The manager of the hotel in Udgir said they had last had a foreigner stay there four years ago. A woman that flagged us down to ask “What are you doing here?” said she had grown up in Udgir, a city of 75,000 and had never seen a Westerner there.
Toil
One of the most noticeable and moving things about being on the roads, on a bicycle, in rural India is being up close to the people as they toil, often with their animals, to make a living. Wood getters, pot seller, plougher, cotton pickers.




People seem generous compared to in rich countries. How can that be? It’s a little bit like how in countries with high speed limits, people want to go fast. It doesn’t make sense. Here in India, not a day goes by without finding, upon leaving a food stop, that our bill has been paid. It is humbling.

And what amazing snacks they are!
Update on Coffee on the Road in India
There aren’t ways to reliably get boiled water to make coffee. We don’t even take our aeropress. Roadside tea sellers are everywhere and about 20% also sell coffee. They have boiling milk and use the familiar small glasses, about ⅓ cup each. Starting the day with a few coffees is not hard to pull off. Avoid those headaches!
For coffee, they have powder in a satchel. It would be from Kashmir or the Corg. If you indicate “strong” they sprinkle a bit more on top.
Packing for the Return
Having now departed from India many times, we have tried a few things and settled on a system that involves no cardboard and allows us to ride into airports.
If you front up to a check-in counter in some countries with a bicycle wrapped up in a tarp you might be rejected. But in India, especially with the domestic carriers, this is not a problem. We are checking in on Indigo ( the Qantas code share) at Hyderabad.
The airport is some distance from the nearest city (and 40km from Hyderabad). If there was accommodation at the airport it would mean we could stay out there and get ready there, rather than having to pack in the city and get transport. Getting transport would be a hassle as the packed bike does not fit into a three-wheeler. And, as we discover riding into HYD, three-wheelers are not even allowed in there.

We discover that there are pods at HYD but on-line booking does not work.
Plan A then becomes
- wash the bike the day before
- along the way, get the packing materials, similar to what is covered in our India packing video. This included 20m of rope. Carry them on the bike and ride into HYD the day before the (early) flight.
- stay at the pod (which is easy to arrange in the middle of the day. It gets busy in the evening),
- disassemble the bike as per our video on this.
- pack it and protect it using the local materials and our luggage
- use a trolley to move from the pod to the check-in counter.
This all worked nicely and here are a few shots taken. Note: by riding out in the middle of the day we have the fall-back of returning to the city if we find no lodging.





What we tested on this trip
Sawyer Water filter. We took a six-year old charcoal filter Sawyer filter with three bladders. It’s the type where you squeeze the bladder to force the water through. Each of the bladders developed leaks within a few days so the whole unit had to be thrown away.

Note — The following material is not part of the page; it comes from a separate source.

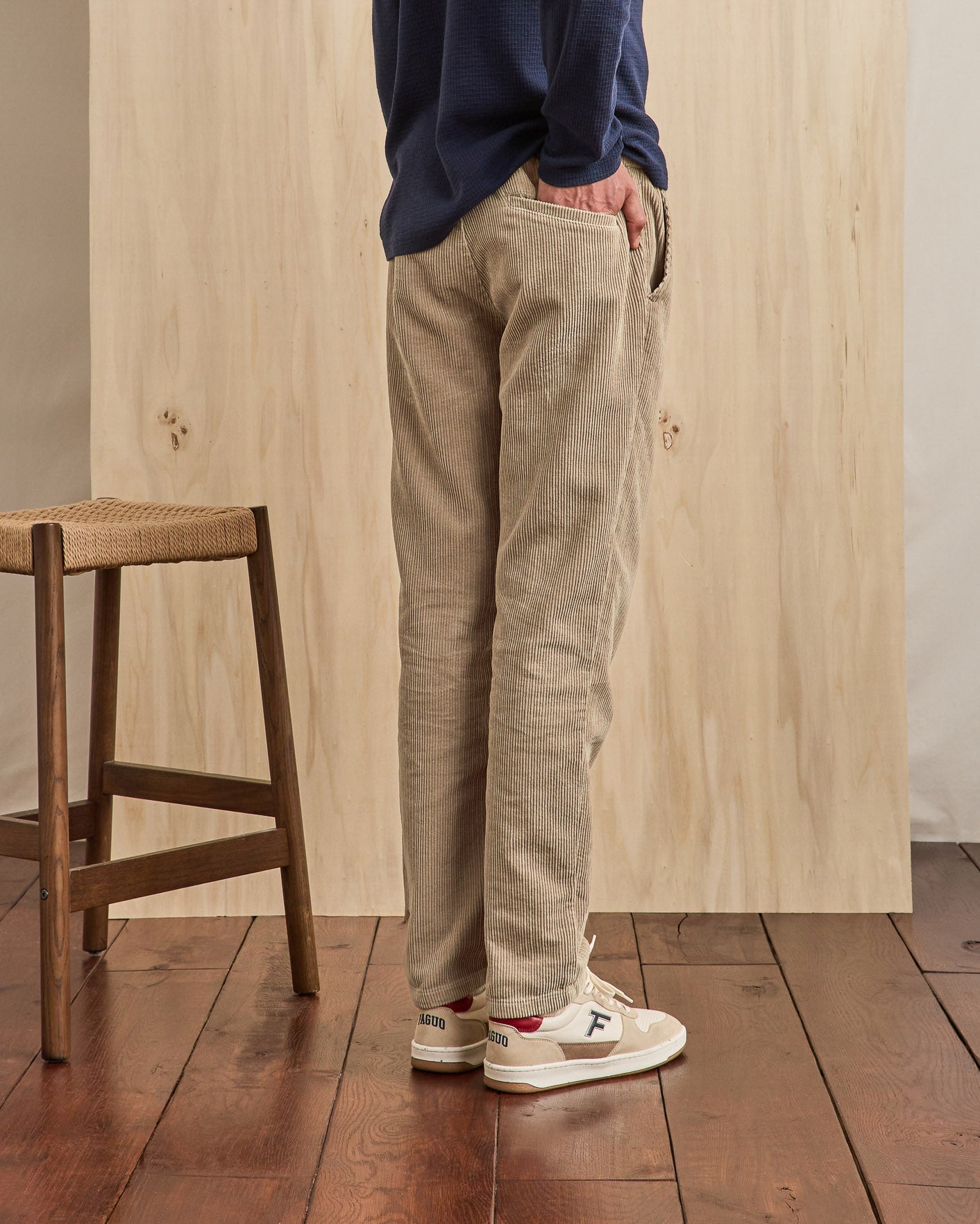Light beige cotton trousers DREUILLE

Clean water is readily available in India in litre bottles for about 40 cents. The bottles are collected and recycled, helping to employ the poorest people who collect them.

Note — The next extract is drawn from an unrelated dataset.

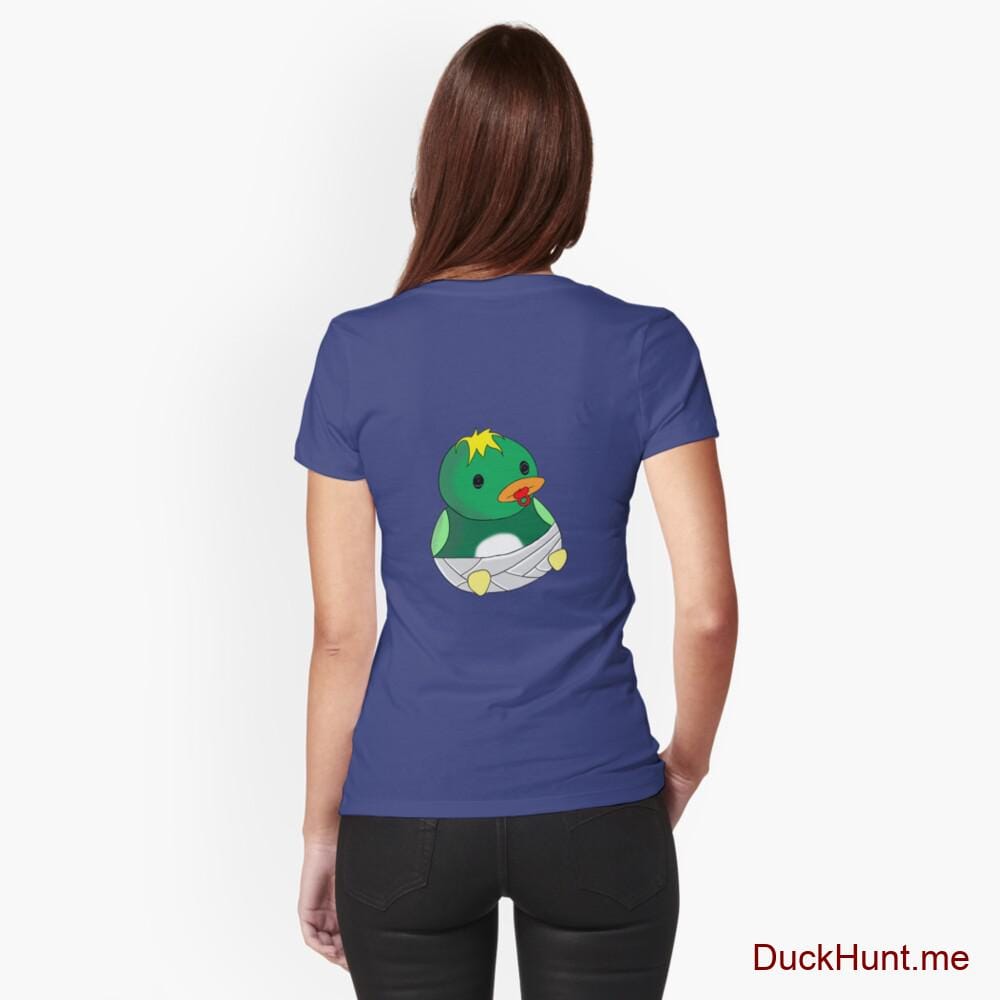 Baby duck Blue Fitted T-Shirt (Back printed)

Goodyear Transit Tour 40mm wide tyres. Once again, this tyre proved its quality. Not one puncture in 1,400km. Excellent rolling resistance and the right width for the conditions.
Soigneur woollen jersey. After a recommendation from Vivente riders, Rosina and Byron, we discovered these individually made fine merino jerseys. We were glad to be rid of polyester. How come we had not worked this out decades ago? This is a great product and made in New Zealand.
Riding the State and National highways of Maharashtra. Yes, there are risks. But over decades and tens of thousands of kilometres riding in India, we highly recommend it as a destination. We have a fresh five-year visa and will be back every November. Cyclists have to be careful everywhere, and India is no exception.